Everything may look good in writing, but of course you will want to tour the facility your loved one would be living in — if possible, with the future resident. The National Consumer Voice for Quality Long-Term Care offers the following signs of quality care: Residents appear well-groomed; call lights and requests for assistance are answered quickly and kindly; residents are engaged in activities; the place appears clean and smells fresh.
One of the nicer assisted living facilities I have visited had a clean, large bird enclosure that residents loved to watch. Outdoor space and space for congregating and accepting visitors are nice too.

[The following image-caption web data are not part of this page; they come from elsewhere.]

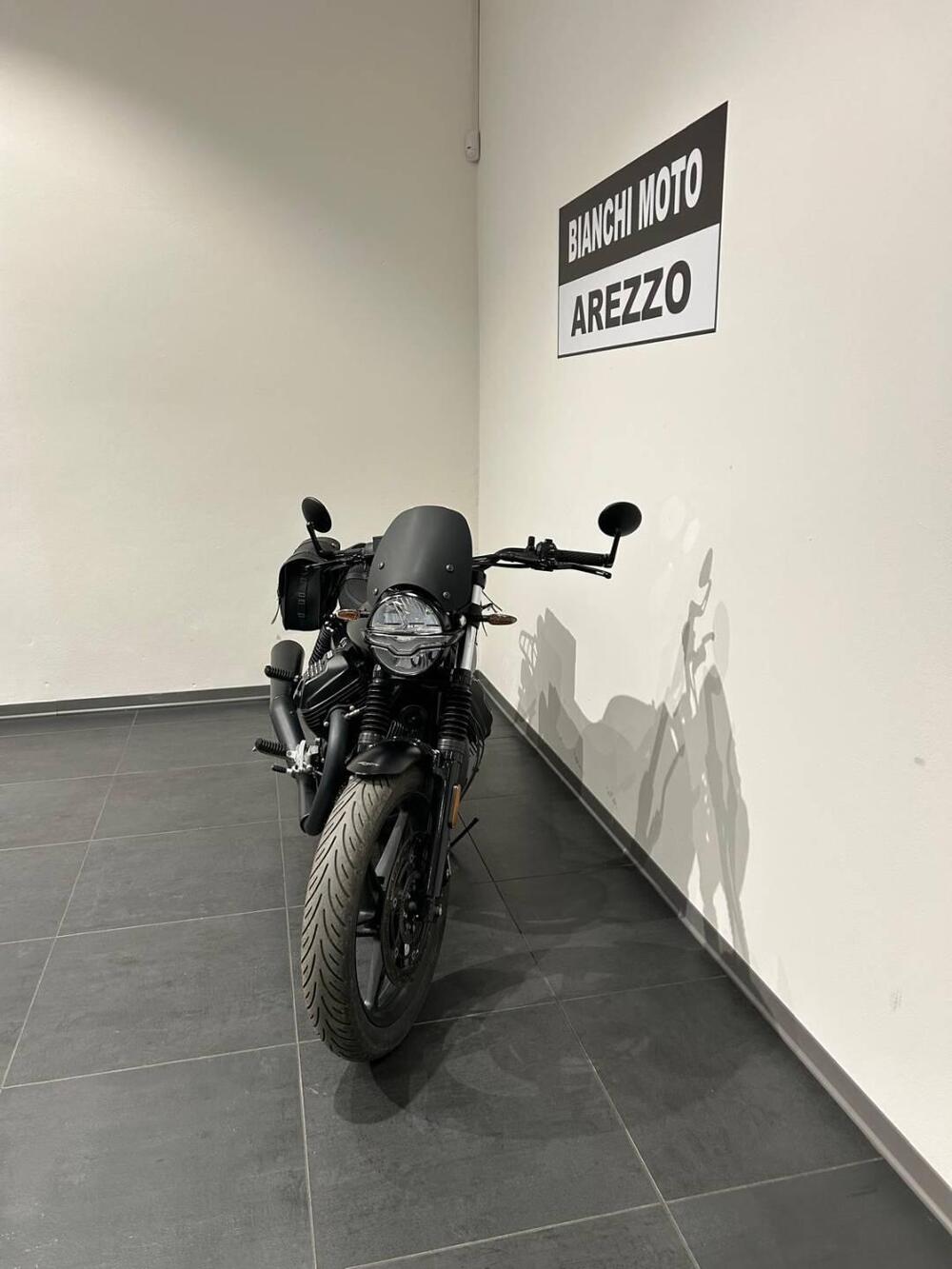 Moto Guzzi V7 Stone (2021 - 24) (4)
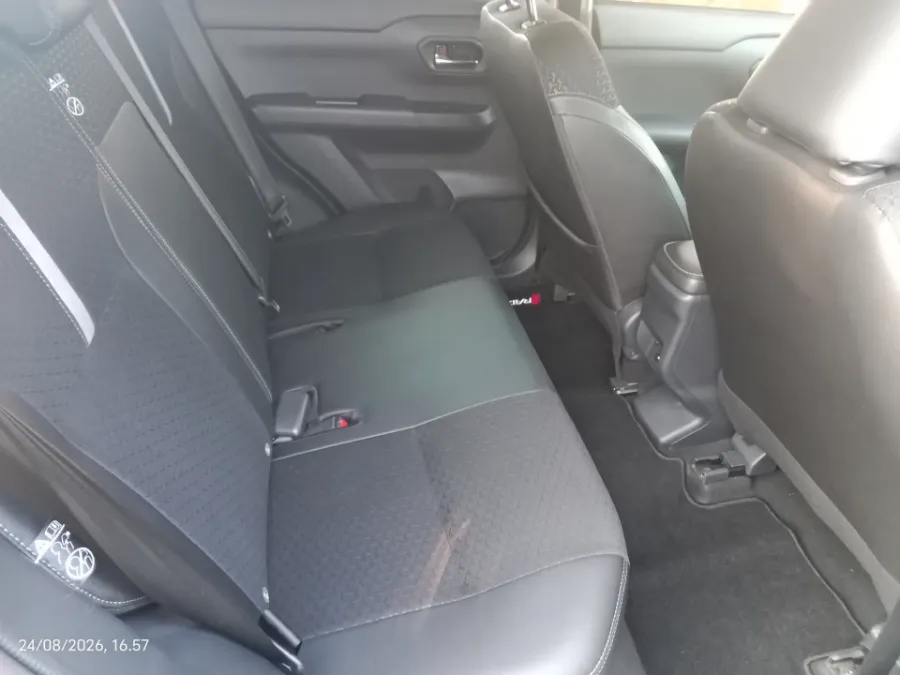 Foto Mobil Bekas Kabin Belakang Toyota Raize 1.0 G tahun 2022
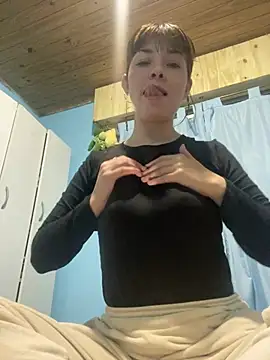 Luna33- online show from July 2026 10:17:01 PM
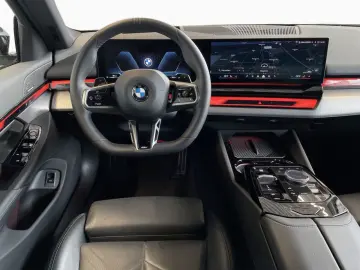 BMW 520d xDr M Sport Pro Iconic LivePro H K 360 ALED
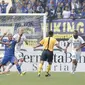 Gelandang Persib, Raphael Maitimo, melakukan protes ke wasit saat melawan Bali United pada laga Liga 1 Indonesia di Stadion Si Jalak Harupat, Bandung, Kamis, (21/9/2017). Kedua klub bermain imbang 0-0. (Bola.com/M Iqbal Ichsan)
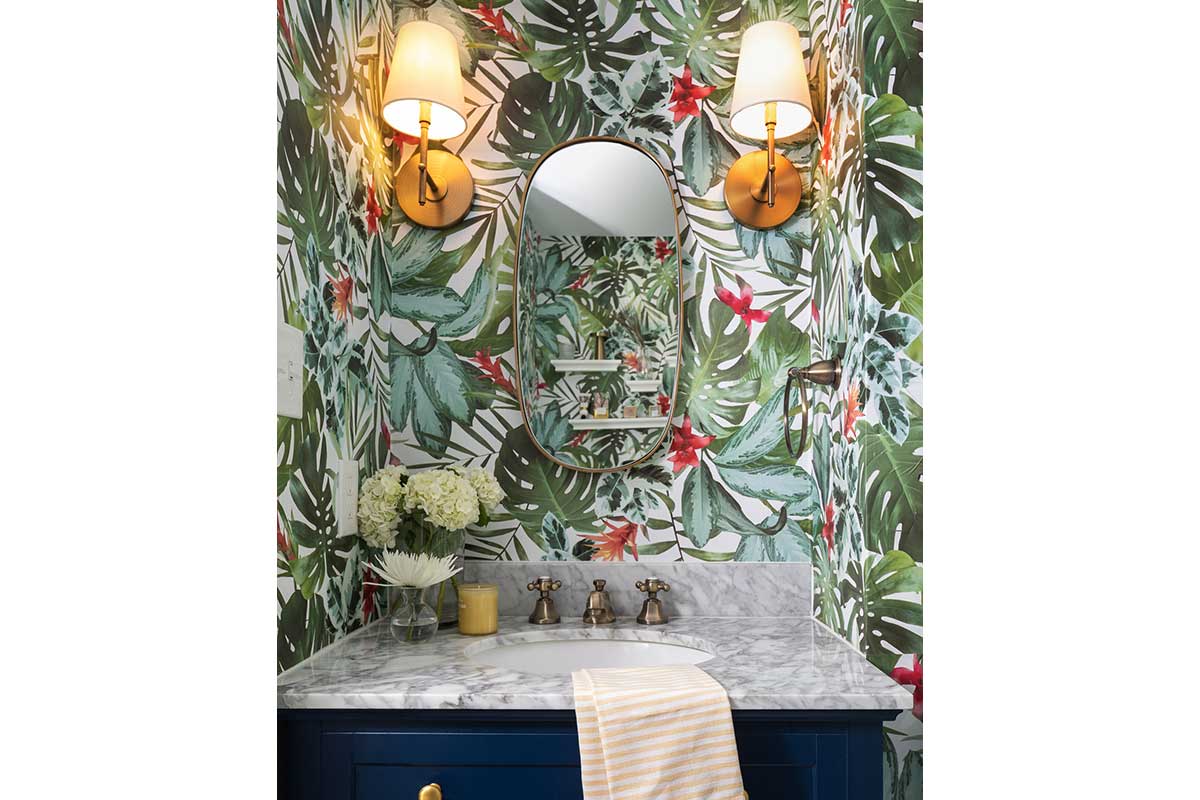 tropical patterened wallpaper in bathroom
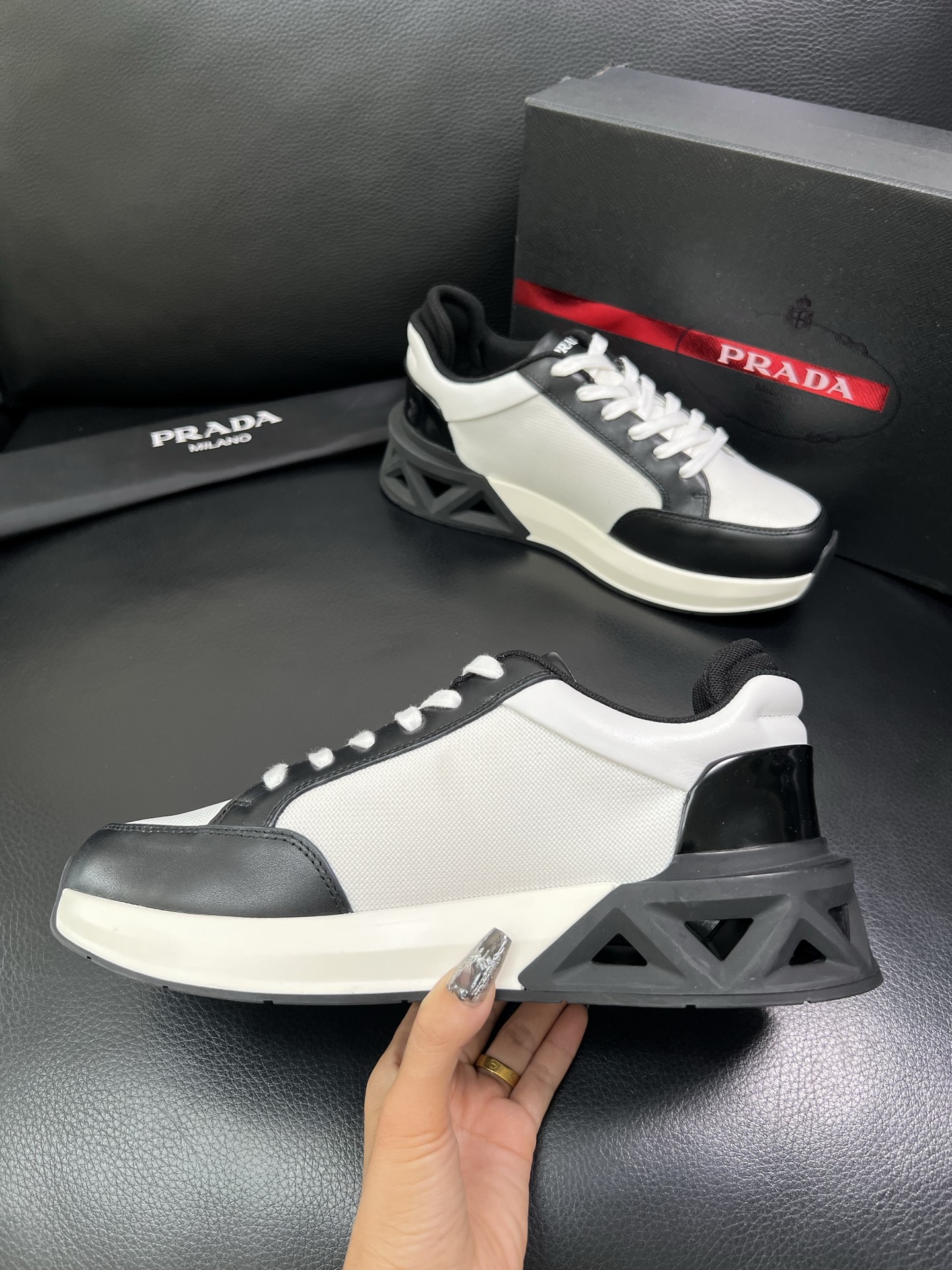 Prada 顶级工艺品 普拉达 专柜新款，原厂配置意大利进口牛皮面料，进口牛皮内里垫，透气舒适，鞋底：原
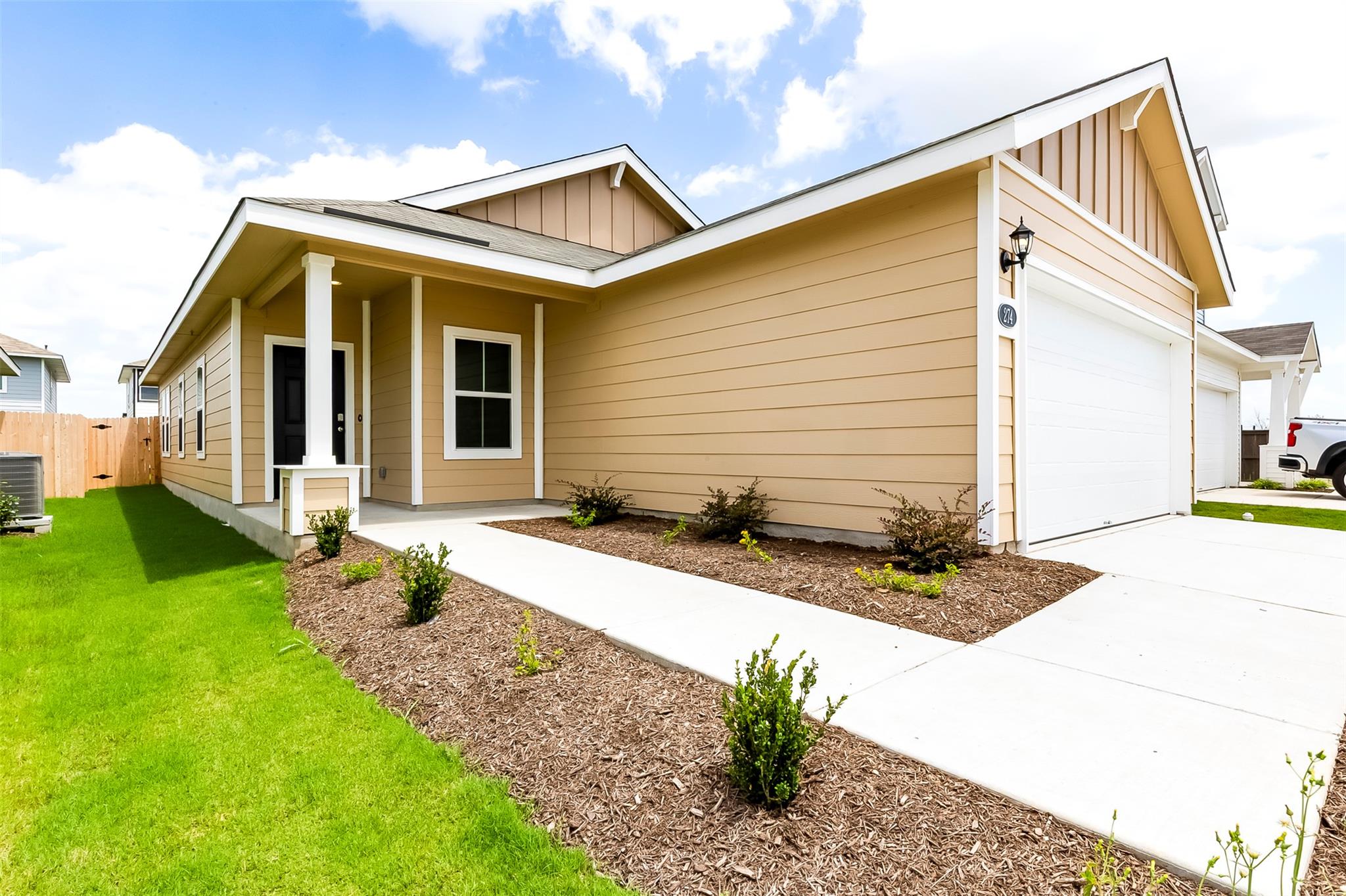 274 Jade St, Maxwell, TX 78656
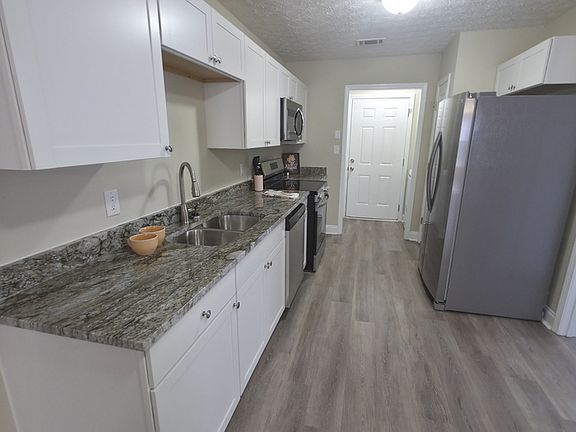 4th image of 187 Westchester Cir #1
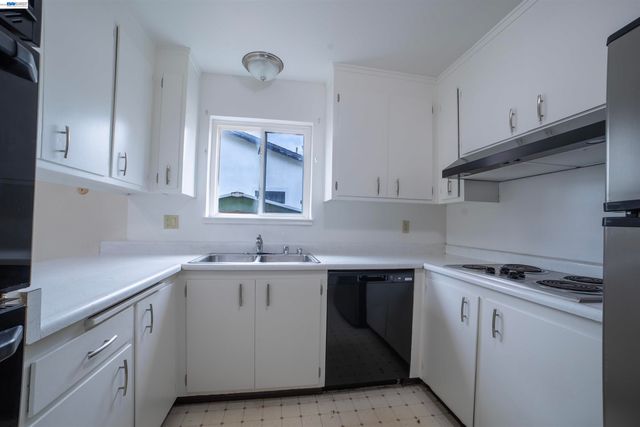 39627 Sundale Dr, Fremont, CA 94538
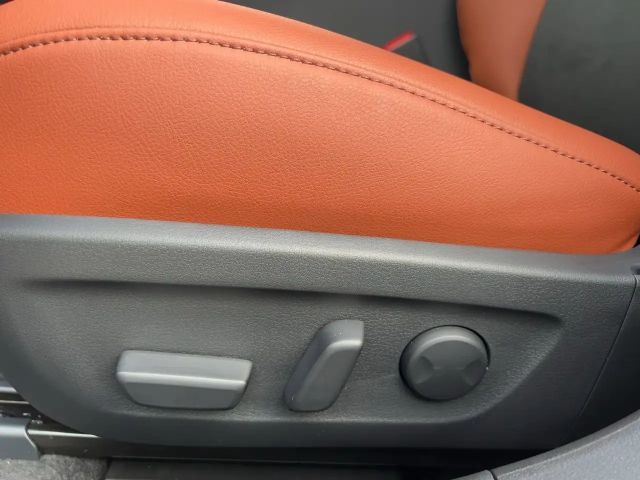 Mazda 3 G140 6MT 2WD NAGISA LED Navi Head-Up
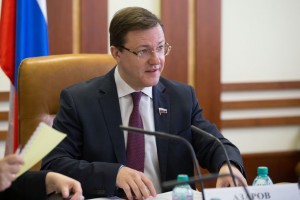 Дмитрий Азаров выступил против принятия необдуманных решений по 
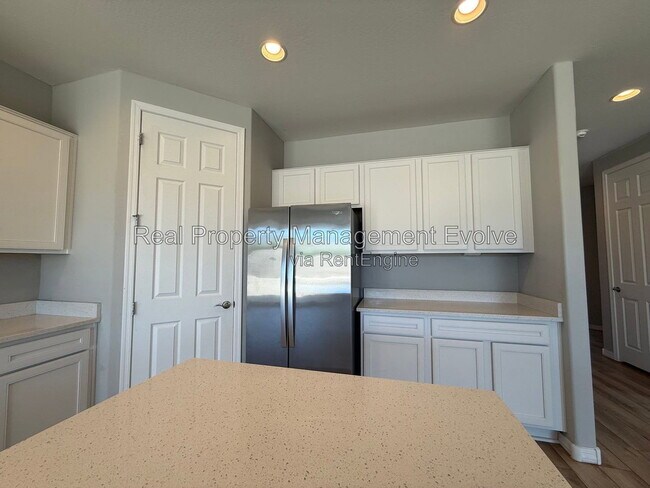 Building Photo - 5618 N 87th Dr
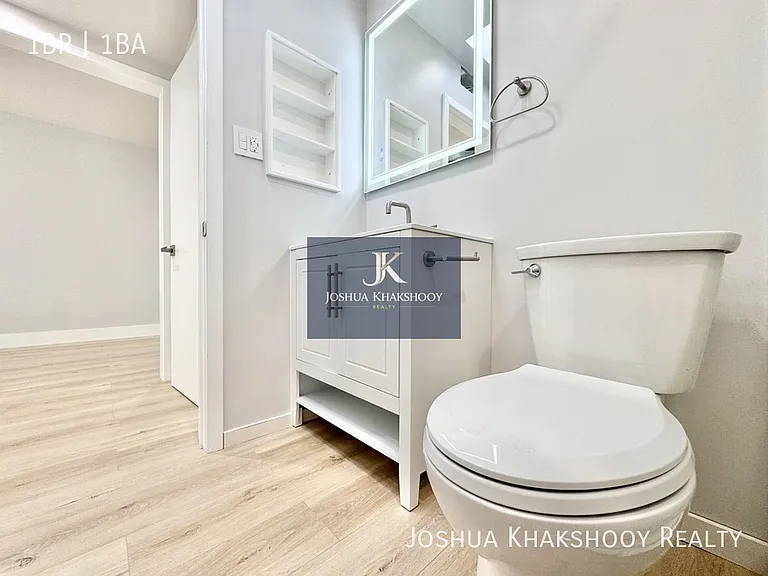 604 N Flores St #5 — Photo 14
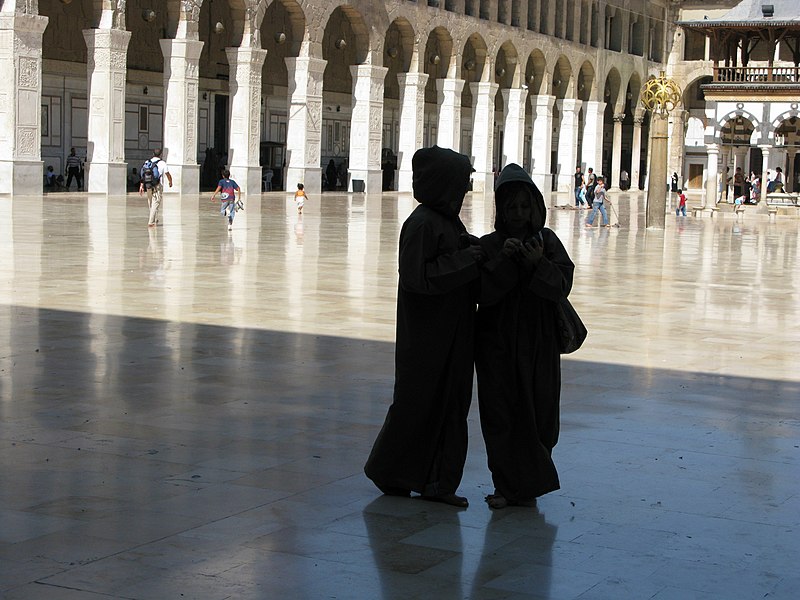 File:The Umayyad Mosque, Women in Veils 2, Damascus, Syria.jpg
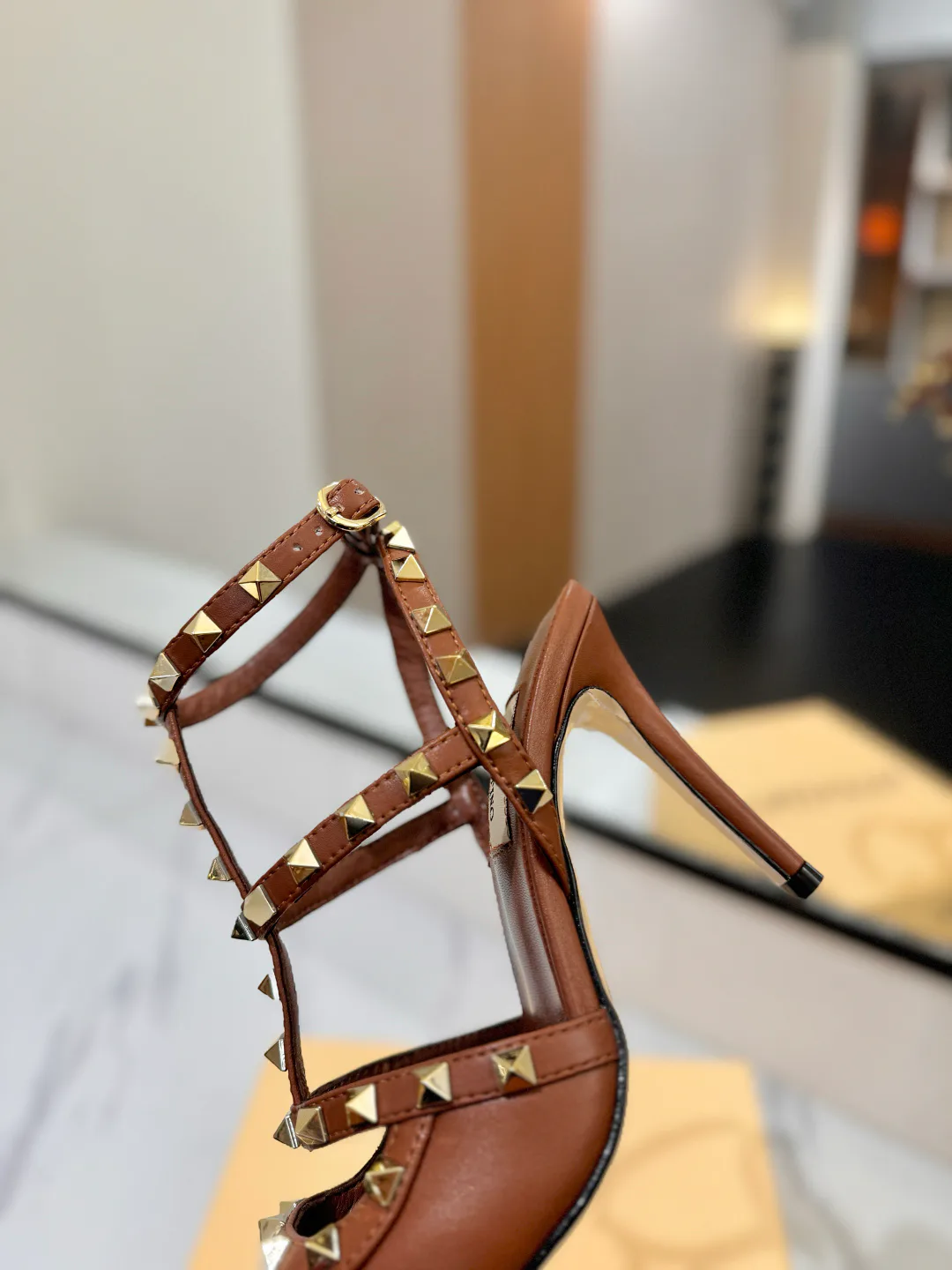 Босоножки Женские Valentino 17366644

11. Will your loved one fit in?
If your elderly relative is still mentally nimble but needs help with physical needs, it’s important to make sure they’ll have peers in their new home. You can ask management about this, but it’s one of the things you’ll probably notice on a tour. Engage any residents in common areas in conversation to see if they seem willing and able to socialize with your loved one.
12. When could they move in?
The best facilities sometimes have waiting lists. Before either you or your loved one gets too set on a specific place, find out if there is a waiting list for the type of unit they want. If there is a long wait, consider where they will be living in the interim. If at home, is it safe to wait that long? If in a nursing home, consider that the longer someone stays in a situation that isn’t right for them, the more their physical and emotional state can deteriorate.
It’s never easy to watch a loved one lose independence. But when the time comes, asking these questions can go a long way toward smoothing the transition and making sure they are in the right place.